That was awesome but did not last long. I wanted to also be able to route the VPN 'tun' iface traffic in to a local LAN, and after reading 15+ guides and trying things... the initial routing broke and i never been able to replicate the set up that worked.

Now, I do anticipate the advise to read again, and try it. Trust me, I did not wanted anyone to waist their time reading this for nothing, and so I did attempts to this all of this before reaching out to the forum...

1. Re-set the OS to factory setting (OpenWRT that is) -> Start from clean set up. => Did not worked.
2. Tried to follow to a teeth the guides from OpenWRT WITHOUT modding things to fit my LAN just to see if the original guides actually do work as the written. => Never worked!
3. Followed the 3rd party guide... it worked, sort off but the guy used tap bridging and placed OpenVPN clients pull-list in to the same subnet as the LAN and that was not something I was looking for.

Following the OpenWRT wiki I was able very quickly to get the secure VPN tunnel up and running and be bale to reach the router from WAN but once you are in... the internal routing with in OpenWRT OS, from 10.0.8.0/24 subnet in to WAN and LAN just simply NOT happening. ;(

I tortured OpenVPN server settings up and down, I re-confgured /etc/conf/firewall about million times with the zone forwarding approach (tun0 is iface of VPN zone) and writing 'config rule' directives to firewall. => none of it worked. jsut none!

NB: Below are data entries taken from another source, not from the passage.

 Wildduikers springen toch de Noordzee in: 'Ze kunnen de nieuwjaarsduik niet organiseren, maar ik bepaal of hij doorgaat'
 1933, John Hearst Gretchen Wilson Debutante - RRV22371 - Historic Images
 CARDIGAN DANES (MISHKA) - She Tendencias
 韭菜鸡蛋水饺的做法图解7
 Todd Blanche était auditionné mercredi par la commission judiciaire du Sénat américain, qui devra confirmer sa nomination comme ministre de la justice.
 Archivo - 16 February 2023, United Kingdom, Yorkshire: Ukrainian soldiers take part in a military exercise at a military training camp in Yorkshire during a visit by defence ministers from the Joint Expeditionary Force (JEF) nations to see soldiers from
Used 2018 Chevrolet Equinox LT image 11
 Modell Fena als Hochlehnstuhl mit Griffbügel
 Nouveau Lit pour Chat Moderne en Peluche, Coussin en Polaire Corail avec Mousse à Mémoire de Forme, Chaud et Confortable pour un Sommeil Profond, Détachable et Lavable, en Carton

And yes! smile /etc/firewall.user iptables custom directive approach was one of the configurations I've tried... with no success.

Now I am relevantly savvy with Linux in genera, at least enough to be able to set up PFSesnse on a virtual host, and a custom separate DNS server (bind9) on a Ubuntu instance... so on and so forth, but whats happening with in the OpenWRT OS a routing between subnets... I can't figure out sad

... and so that's why I am reaching out to the community. Guys, please help, there is got to be some one out there who have done it successfully and willing to share. And if not, maybe at least clarify if the set-up of the PFsense+OpenVPN I'm trying to replicate with OpenWRT+OpenVPN is something that is not realistic by default?!

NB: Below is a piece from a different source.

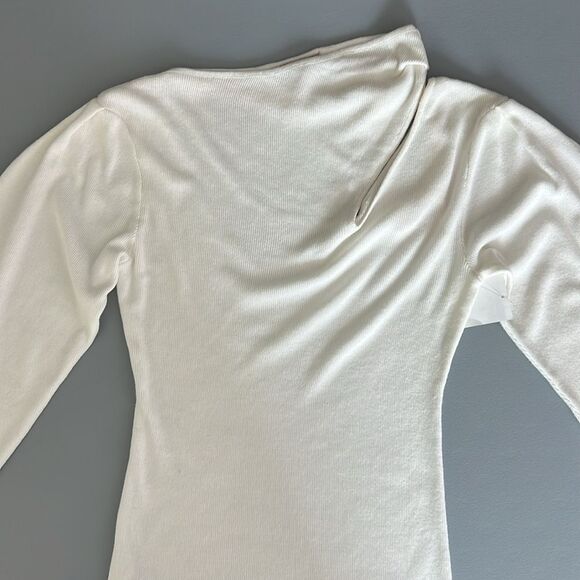 New BCBGeneration Cutout Sweater in Marshmallow Size S - Picture 10 of 10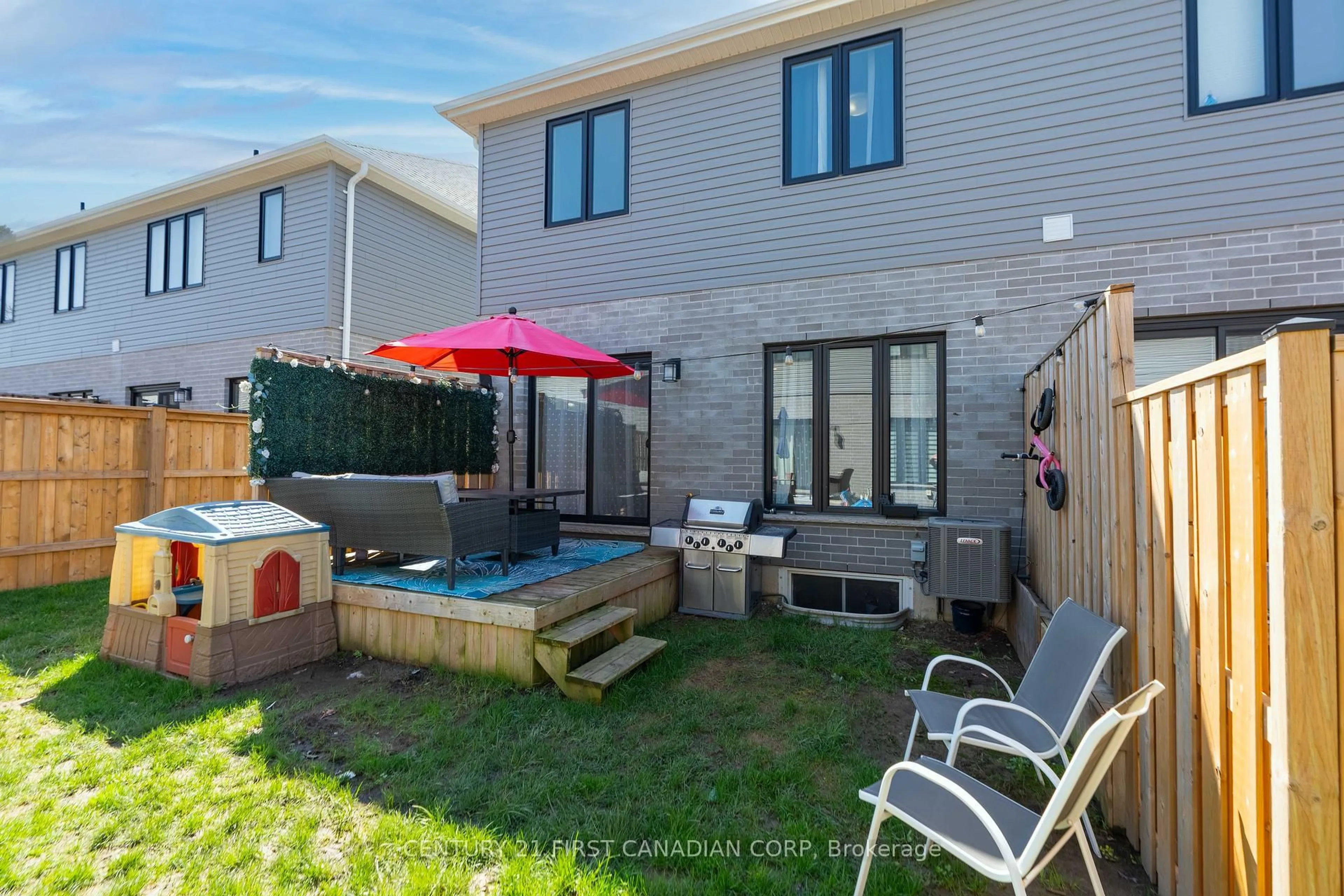 Patio, street for 1-30 Miller Dr, Lucan Biddulph Ontario N0M 2J0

Thank you in advance for your time.

PS: OpenWRT OS team - your documentation absolutely horrible!!! But your project and work that you do on your spare time is awesome. Thank you for all the work you do and I do realize that you are not getting paid for any of it. You guys are the once who bring some level of home router security back to the average, less tech advanced consumers. And that's huge and important. Thank you!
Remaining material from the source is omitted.